Consolidated Advantage: New Organizational Dynamics of Wage Inequality
030921-WP-Consolidated Advantage-Wilmers and Aeppli
Nathan Wilmers, Massachusetts Institute of Technology
Clem Aeppli, Harvard University
The two main sources of inequality in the US labor market—occupation and workplace—have increasingly consolidated. Workers benefiting from employment at a high-paying workplace are increasingly those who already benefit from membership in a high-paying occupation. Drawing on occupation-by-workplace data, we show that two-thirds of the rise in wage inequality since 1999 can be accounted for not by occupation or workplace inequality alone, but by their increased consolidation. This consolidation is not attributable to firm turnover or to how occupations have shifted across a fixed set of high paying firms (as in outsourcing). Instead, consolidation has resulted from new bases of workplace pay premiums. Workplace premiums associated with teams of professionals have increased, while premiums for previously high-paid blue-collar workers have been cut.
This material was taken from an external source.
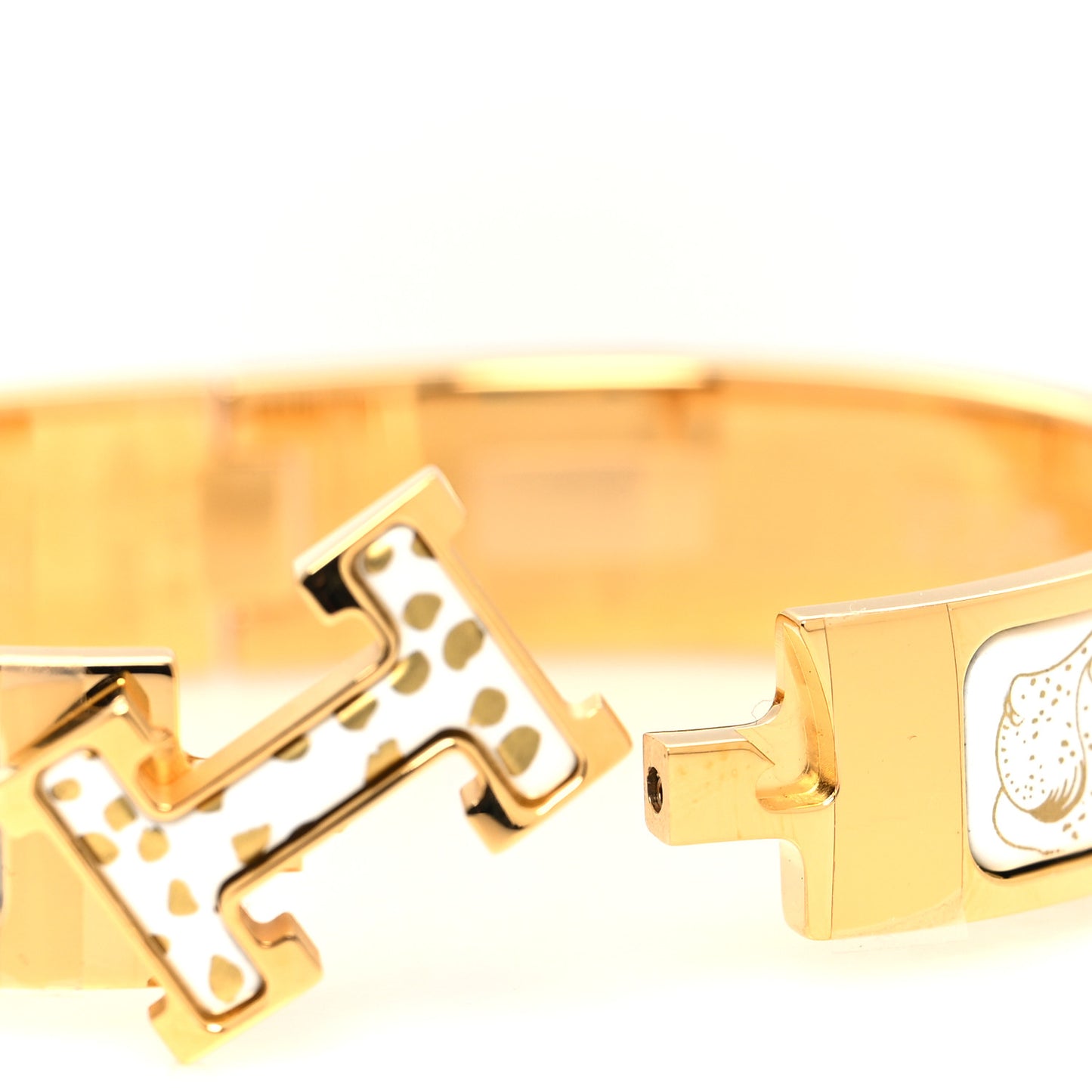 Enamel Printed Narrow Leopards Clic Clac H Bracelet PM Jaune Or White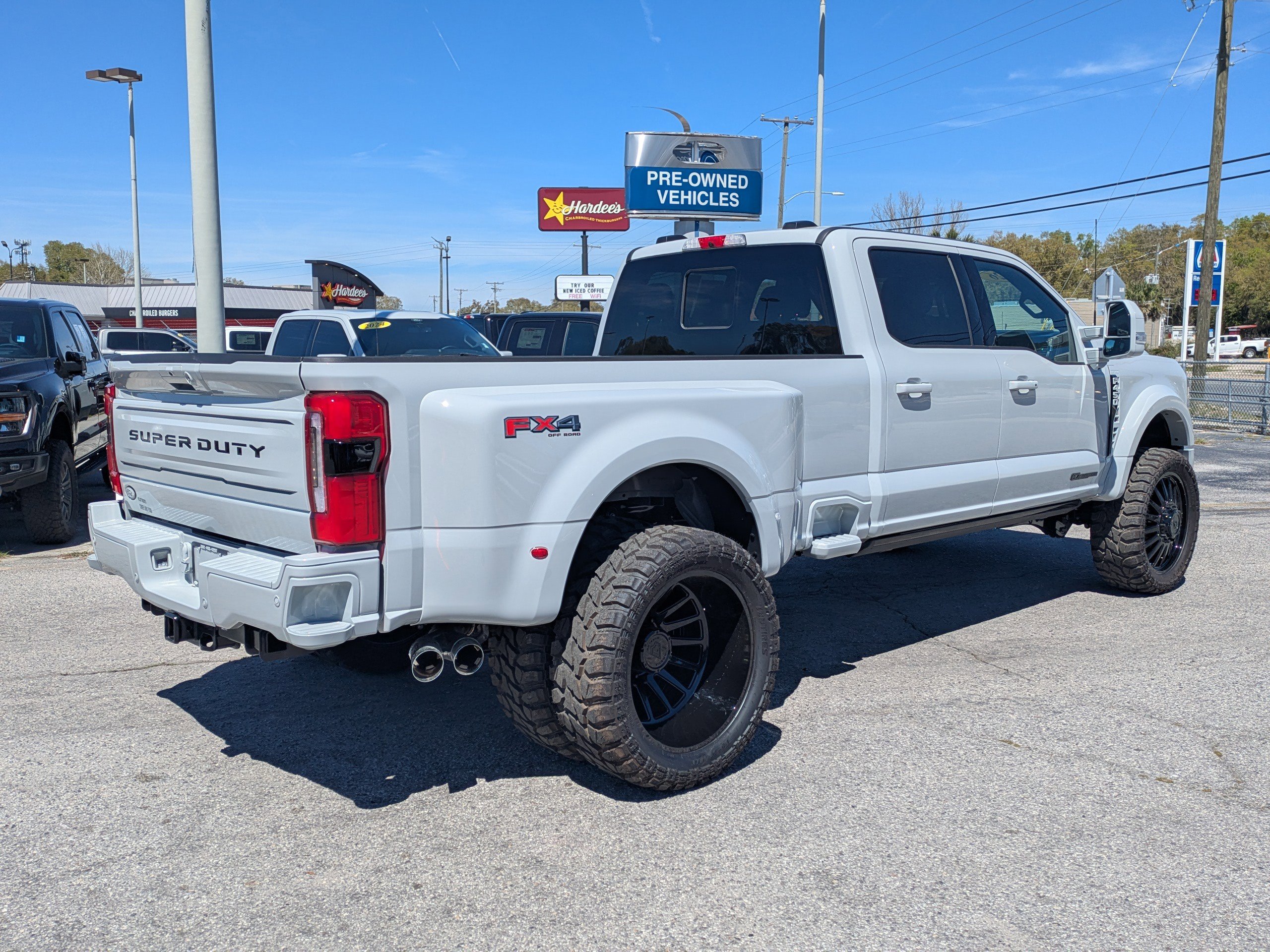 Certified 2026 Ford F450 Platinum w/ FX4 Off-Road Package image 3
Yet the largest source of consolidation is bifurcation in the social sector, whereby some previously low-paying but high-professional share workplaces, like hospitals and schools, have deskilled their jobs, while others have raised pay. Broadly, the results demonstrate an understudied way that organizations affect wage inequality: not by directly increasing variability in workplace or occupation premiums, but by consolidating these two sources of inequality.